[Cryptography] Yet more formal methods news: seL4 to go open source

Phillip Hallam-Baker phill at hallambaker.com
Mon Jun 9 12:42:32 EDT 2014


On Mon, Jun 9, 2014 at 12:25 PM, Perry E. Metzger <perry at piermont.com> wrote:
> On Mon, 9 Jun 2014 11:35:31 -0400 Jerry Leichter <leichter at lrw.com>
> wrote:
>> Workable formal verification is going to have significant effects
>> on the whole programming ecosystem.
>>
>> Consider the interaction between verification and open source. If
>> you make *any* changes to a verified piece of code, you lose the
>> verification.
>
> Yes, so one has to make sure changes re-verify.
>
> Note if one uses a system like Coq to write the verified
> code in the same system that is doing the verification, there is no
> meaningful distinction between the proof and the source code to the
> system.
>
> If, on the other hand, one writes the code in a separate language and
> merely uses Coq (or Isabelle or what have you) as a proof system,
> then one needs to distribute both the code for the system and the
> formal specification/verification code.
>
>> So just what does having access to the source buy you?
>
> The same thing it does now.
>
>> Perhaps we can get to a world in which anyone who changes the code
>> is expected to update the verification. With the state of the tools
>> we have now, that seems unworkable - it's just too hard and
>> specialized.
>
> Have you tried? Indeed, if you write your code in a dependently typed
> style within Coq or what have you, how does one meaningfully update
> the code *without* updating the proof? (There are quite interesting
> artifacts written with Coq itself -- CompCert, for example.)
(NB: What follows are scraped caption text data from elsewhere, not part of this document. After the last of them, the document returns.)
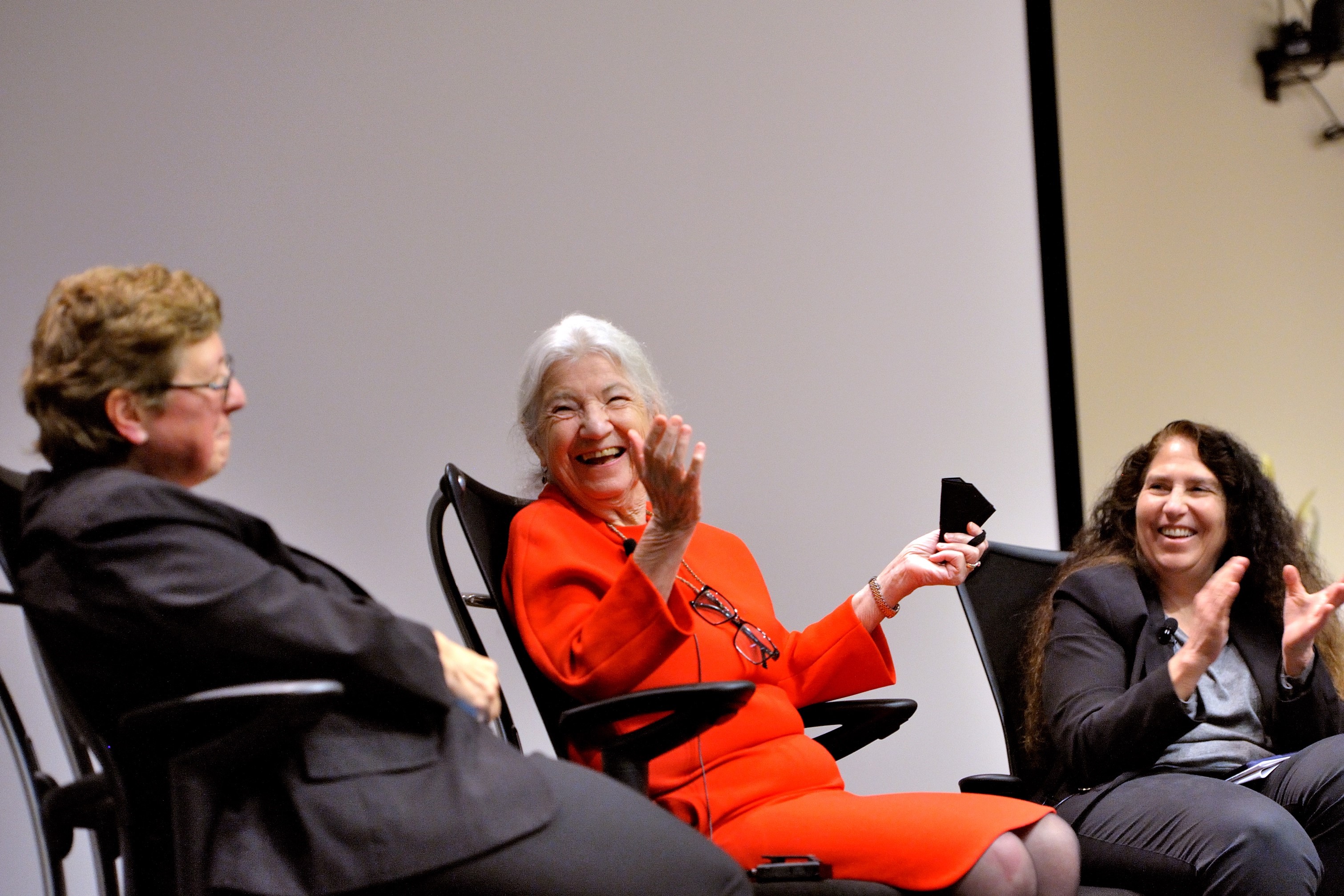 Three woman talk on stage and laugh.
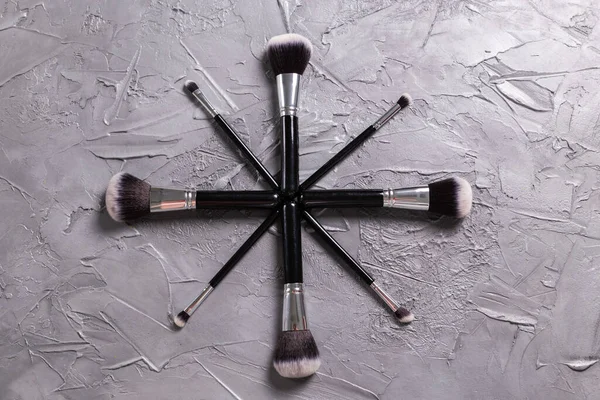 Ovanifrån av make-up borstar på grå bakgrund — Stockfoto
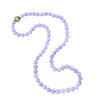 Gump’s 32-inch graduated Type A lavender jade bead necklace with 18k yellow gold clasp set with cabochon jade.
Folk should remember that for the purposes of security, the most
important concern is not whether the algorithm is 'correct', it is
whether the code has buffer overrun, memory leak or access to
unallocated memory.

So we are solving a problem that is much easier than the 'Turing
complete' or 'AI complete' problems that people like to use as 'proof'
formal methods don't work. We don't have to prove every aspect of
every program to make advances.

But equally, a managed language such as C# provides the above concerns
for free. Which is why I switched from C as soon as the managed
languages became good enough and the IPR issues were clarified.